++++ Data listing
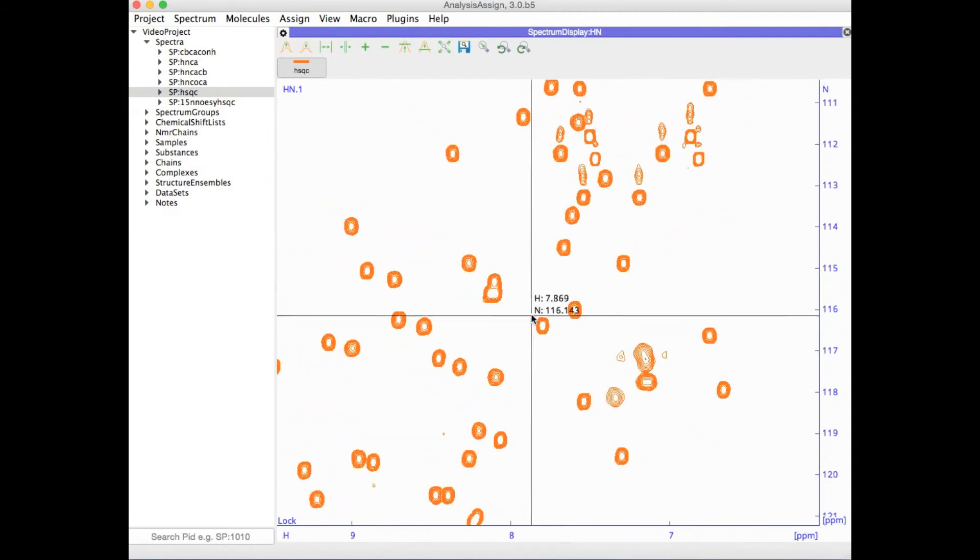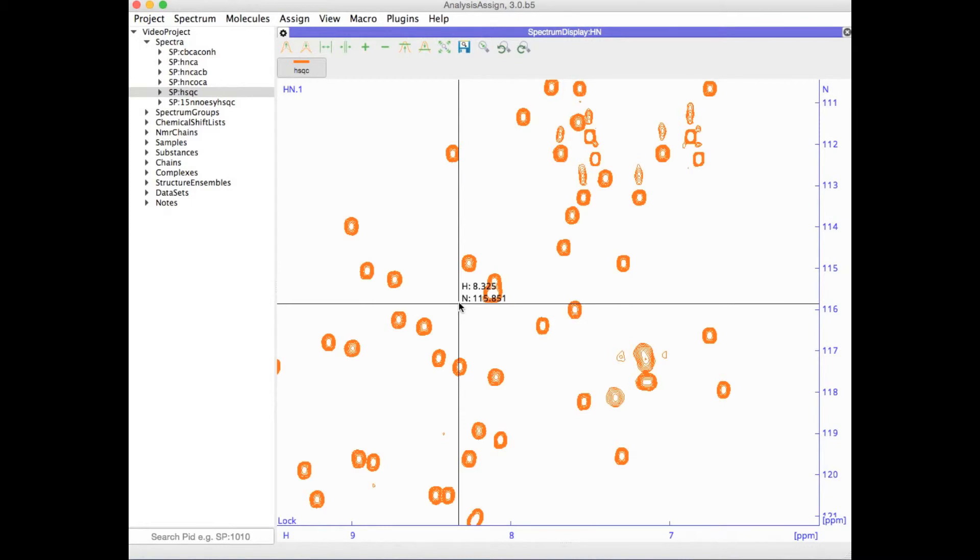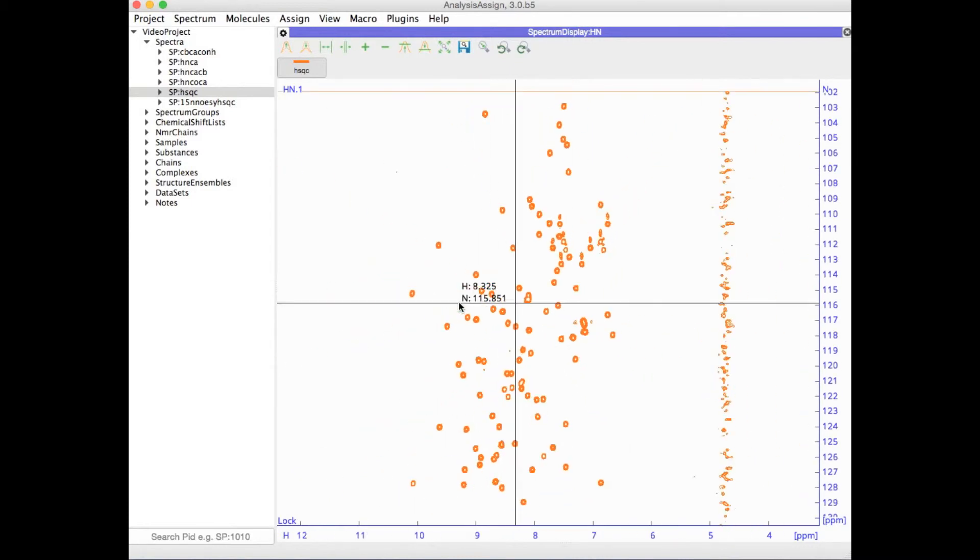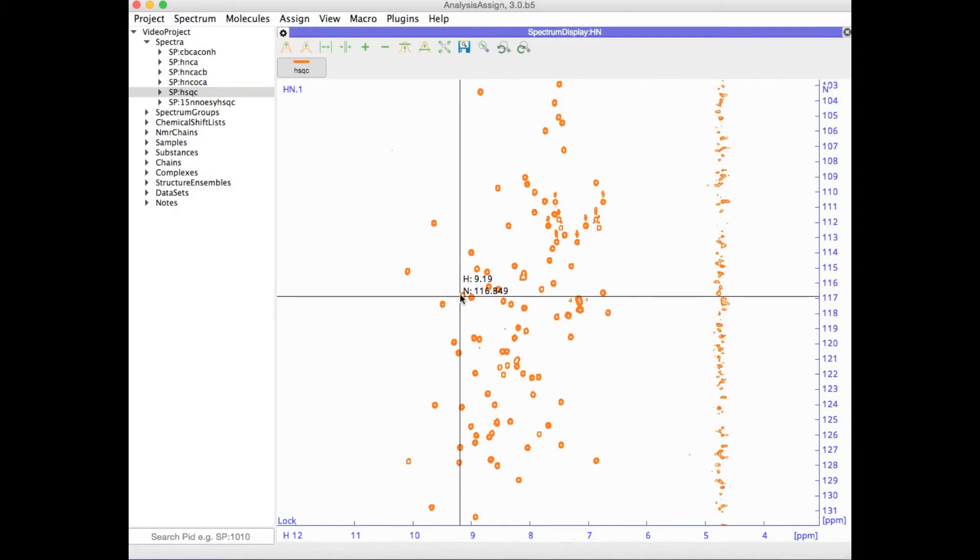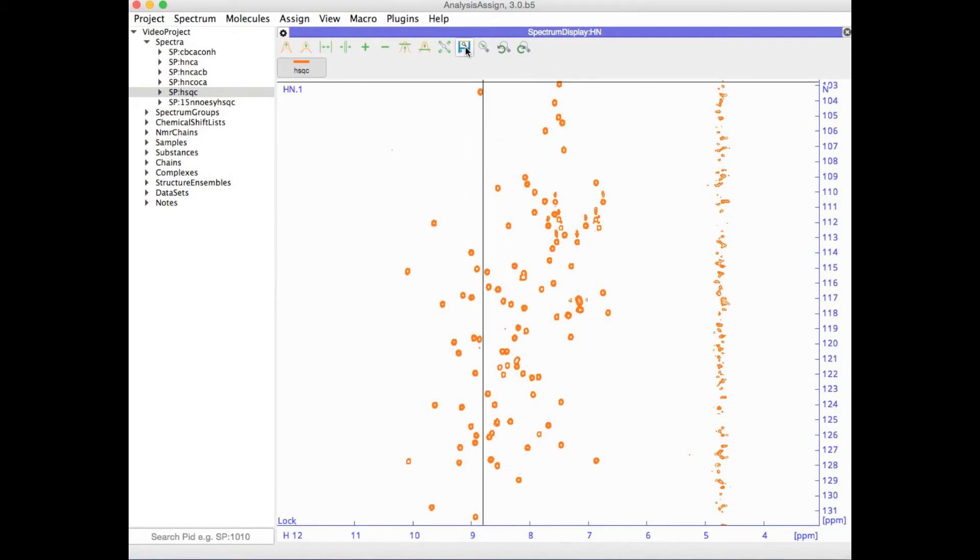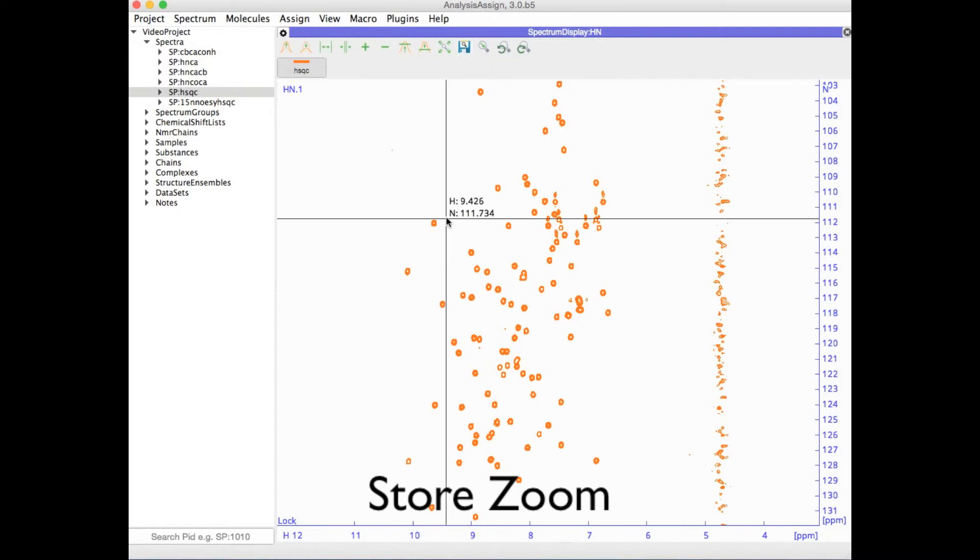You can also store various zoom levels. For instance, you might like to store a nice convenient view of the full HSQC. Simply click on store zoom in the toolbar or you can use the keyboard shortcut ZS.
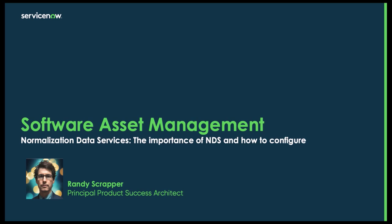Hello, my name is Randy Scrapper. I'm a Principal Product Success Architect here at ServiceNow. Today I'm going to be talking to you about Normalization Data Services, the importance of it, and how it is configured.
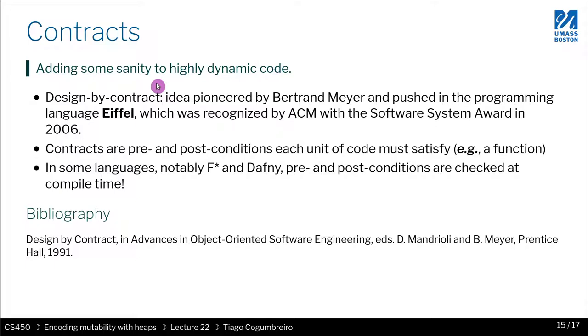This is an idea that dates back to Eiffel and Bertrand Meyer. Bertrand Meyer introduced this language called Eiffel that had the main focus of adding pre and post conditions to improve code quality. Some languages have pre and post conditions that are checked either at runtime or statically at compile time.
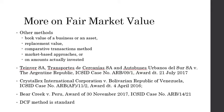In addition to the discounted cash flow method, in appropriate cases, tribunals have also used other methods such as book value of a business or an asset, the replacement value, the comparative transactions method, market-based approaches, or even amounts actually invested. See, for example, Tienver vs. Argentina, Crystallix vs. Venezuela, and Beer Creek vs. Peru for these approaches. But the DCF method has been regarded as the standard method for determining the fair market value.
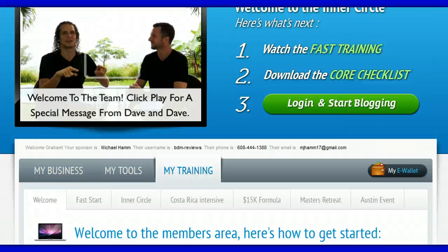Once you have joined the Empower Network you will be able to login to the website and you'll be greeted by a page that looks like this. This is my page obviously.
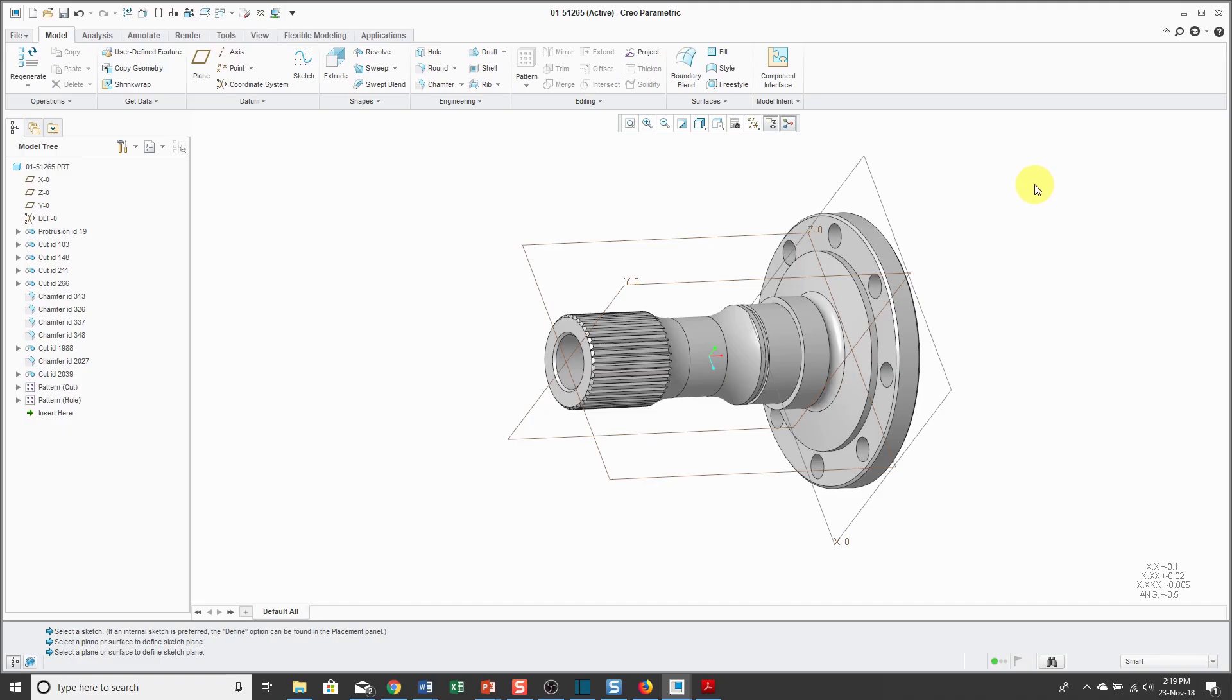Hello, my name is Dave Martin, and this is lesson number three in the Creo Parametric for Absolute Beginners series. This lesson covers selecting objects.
++++++++
• [Exercise] Write all the lines above out again exactly, minus the images.

• [Answer to this problem]
You can also store various zoom levels. For instance, you might like to store a nice convenient view of the full HSQC. Simply click on store zoom in the toolbar or you can use the keyboard shortcut ZS.
Hello, my name is Randy Scrapper. I'm a Principal Product Success Architect here at ServiceNow. Today I'm going to be talking to you about Normalization Data Services, the importance of it, and how it is configured.
This is an idea that dates back to Eiffel and Bertrand Meyer. Bertrand Meyer introduced this language called Eiffel that had the main focus of adding pre and post conditions to improve code quality. Some languages have pre and post conditions that are checked either at runtime or statically at compile time.
In addition to the discounted cash flow method, in appropriate cases, tribunals have also used other methods such as book value of a business or an asset, the replacement value, the comparative transactions method, market-based approaches, or even amounts actually invested. See, for example, Tienver vs. Argentina, Crystallix vs. Venezuela, and Beer Creek vs. Peru for these approaches. But the DCF method has been regarded as the standard method for determining the fair market value.
Once you have joined the Empower Network you will be able to login to the website and you'll be greeted by a page that looks like this. This is my page obviously.
Hello, my name is Dave Martin, and this is lesson number three in the Creo Parametric for Absolute Beginners series. This lesson covers selecting objects.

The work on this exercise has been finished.